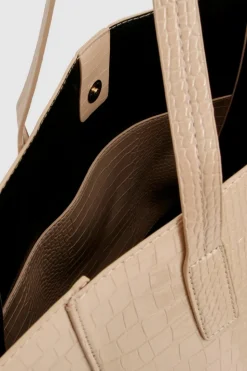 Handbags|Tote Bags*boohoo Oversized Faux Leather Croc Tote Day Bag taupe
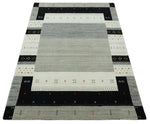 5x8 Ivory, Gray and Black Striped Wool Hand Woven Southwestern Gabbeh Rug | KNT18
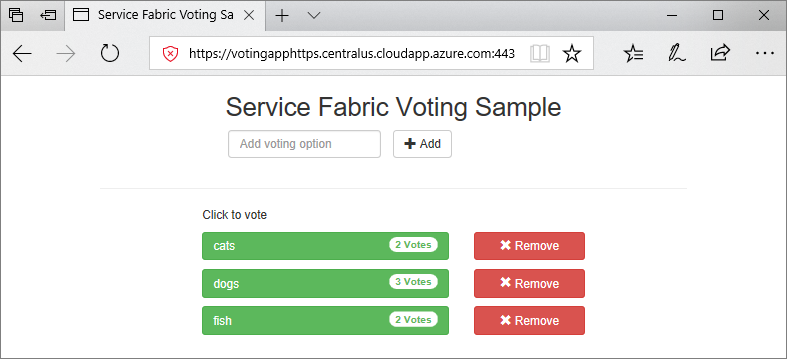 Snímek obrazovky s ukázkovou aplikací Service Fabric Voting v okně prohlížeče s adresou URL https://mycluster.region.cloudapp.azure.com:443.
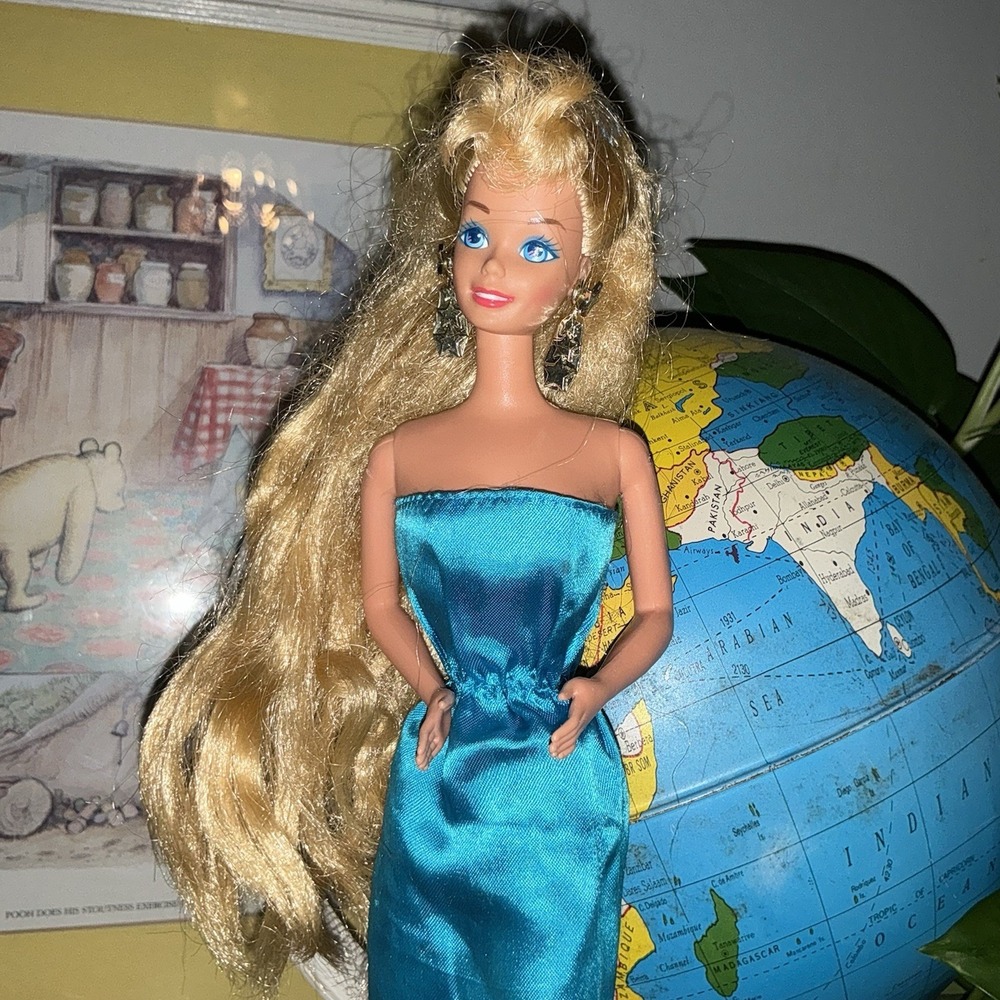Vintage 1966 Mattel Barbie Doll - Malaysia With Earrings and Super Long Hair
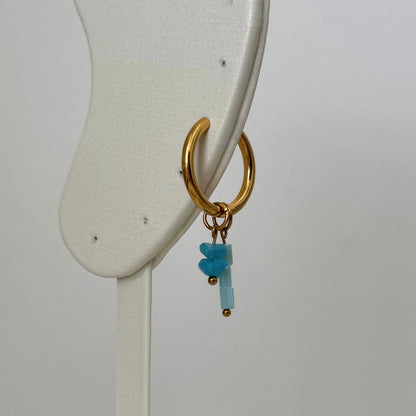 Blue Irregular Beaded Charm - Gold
++++++
What is being asked |
All lines from the one holding "Vintage 1966 Mattel" to the end of the listing above need to be duplicated exactly. None of the pictures should be included.

Reply to the exercise |
Vintage 1966 Mattel Barbie Doll - Malaysia With Earrings and Super Long Hair
 Blue Irregular Beaded Charm - Gold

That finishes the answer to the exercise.